Abstract: The three-dimensional integrated circuit (3D IC) is a promising solution for processors in the post-Moore era. The 3D integration stacks multiple dies vertically in a single package and enables high integration density. Compared to 2D planar design, 3D ICs shorten the die-to-die distance and substantially increase inter-die communication bandwidth, providing a potential performance boost for large-scale systems. However, the design of 3D multi-core processors exposes great challenges to computer architect. First, 3D ICs create design bottlenecks in thermal management and power delivery. Second, the strong coupling relationship between performance, power, and thermal in 3D ICs adds design complexities. These factors require a holistic view to design high-performance energy-efficient 3D processors.

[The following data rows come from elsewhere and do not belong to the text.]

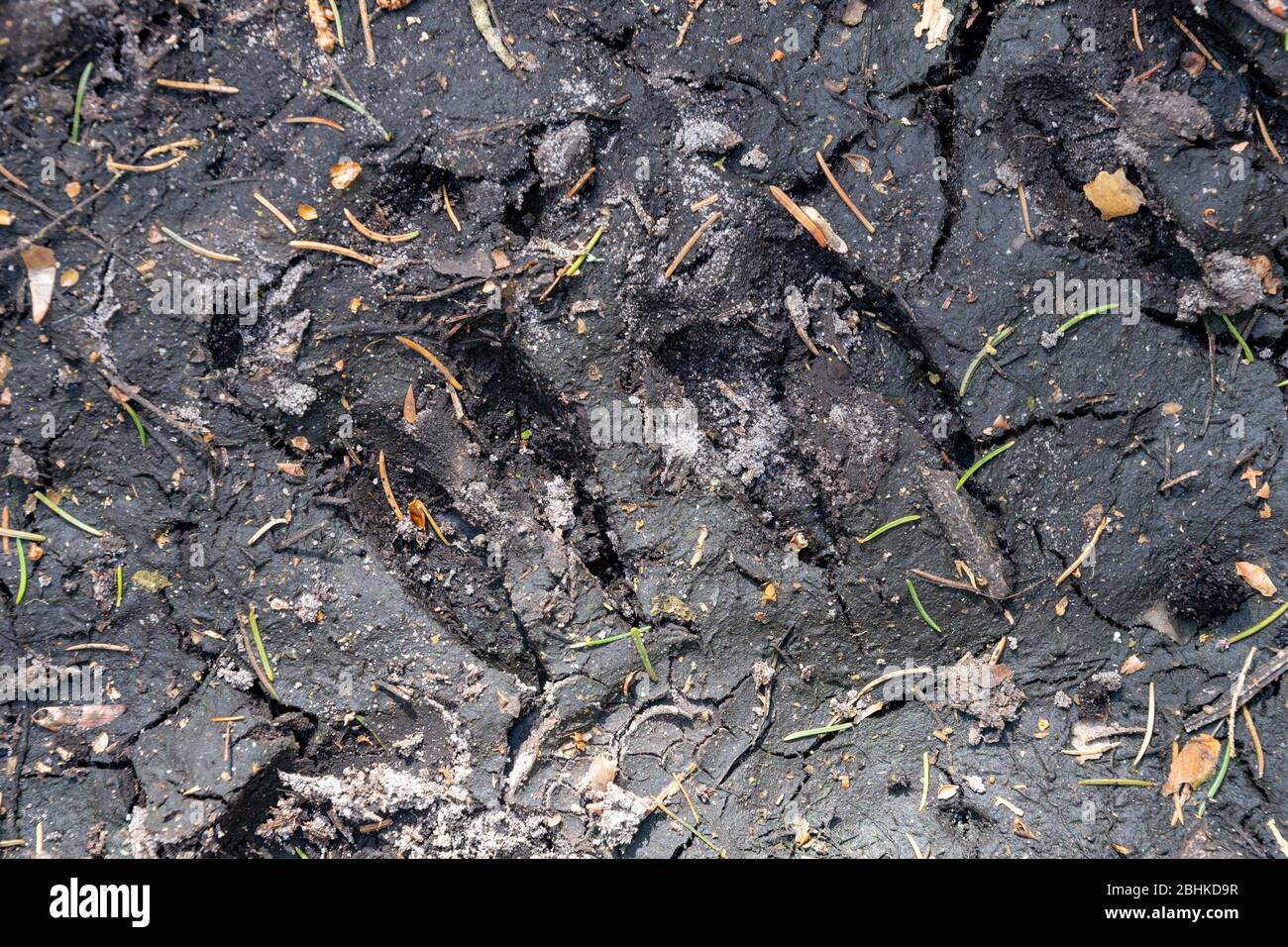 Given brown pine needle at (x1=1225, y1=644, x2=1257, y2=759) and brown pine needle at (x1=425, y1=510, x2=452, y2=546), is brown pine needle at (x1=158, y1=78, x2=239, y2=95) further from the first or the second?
brown pine needle at (x1=1225, y1=644, x2=1257, y2=759)

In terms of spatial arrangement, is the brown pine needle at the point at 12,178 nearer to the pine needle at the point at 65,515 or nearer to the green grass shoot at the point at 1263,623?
the pine needle at the point at 65,515


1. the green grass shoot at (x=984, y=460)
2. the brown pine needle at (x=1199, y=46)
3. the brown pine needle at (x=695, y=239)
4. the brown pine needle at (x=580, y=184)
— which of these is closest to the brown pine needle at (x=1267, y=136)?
the brown pine needle at (x=1199, y=46)

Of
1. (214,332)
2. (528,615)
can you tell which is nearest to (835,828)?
(528,615)

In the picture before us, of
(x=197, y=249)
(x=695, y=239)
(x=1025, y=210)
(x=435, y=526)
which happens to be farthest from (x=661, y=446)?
(x=197, y=249)

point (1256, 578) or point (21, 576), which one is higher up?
point (1256, 578)

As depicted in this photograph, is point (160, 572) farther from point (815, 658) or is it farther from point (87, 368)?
point (815, 658)

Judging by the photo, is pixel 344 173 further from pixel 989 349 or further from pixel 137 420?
pixel 989 349

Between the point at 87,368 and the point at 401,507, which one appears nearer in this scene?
the point at 87,368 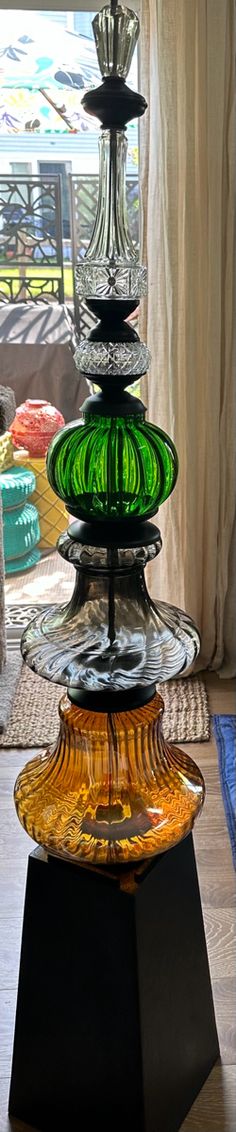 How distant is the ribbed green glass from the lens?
1074 millimetres

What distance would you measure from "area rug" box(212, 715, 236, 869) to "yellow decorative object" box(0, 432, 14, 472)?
1.09 metres

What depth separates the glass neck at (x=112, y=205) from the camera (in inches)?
40.5

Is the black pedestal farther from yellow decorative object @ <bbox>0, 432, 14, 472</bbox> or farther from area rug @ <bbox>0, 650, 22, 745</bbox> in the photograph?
yellow decorative object @ <bbox>0, 432, 14, 472</bbox>

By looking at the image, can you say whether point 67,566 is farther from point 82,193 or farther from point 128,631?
point 128,631

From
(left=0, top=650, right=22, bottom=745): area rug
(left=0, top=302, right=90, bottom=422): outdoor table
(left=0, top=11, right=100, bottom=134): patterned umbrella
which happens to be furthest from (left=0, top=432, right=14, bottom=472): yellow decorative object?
(left=0, top=11, right=100, bottom=134): patterned umbrella

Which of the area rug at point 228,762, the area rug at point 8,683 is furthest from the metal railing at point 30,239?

The purpose of the dissertation is to promote a multi-physics co-design methodology in 3D processors that achieves performance gain and energy efficiency. Towards this goal, this dissertation explores the co-design opportunities in a 3D multi-core processor from three perspectives. The first looks into a thermal-architecture co-design, which co-optimizes advanced microfluidic cooling with processor floorplan and power map and develops two high-performance thermally-adaptive processor designs for a given thermal cap. The second focuses on a power-architecture co-design, which minimizes the voltage guardband based on the thermal characterization in SRAM cache and architectural-level prediction for power reduction. The last works on a package-architecture co-design, which designs a Short-Stack structure that mitigates the pin stress problem and proposes a thread scheduling policy for heterogeneous architecture in a 3D package to maximize system performance for a given thermal cap. By evaluating the effectiveness of these approaches, the dissertation underscores the value of the multi-physics co-design as an integral part of future processor design.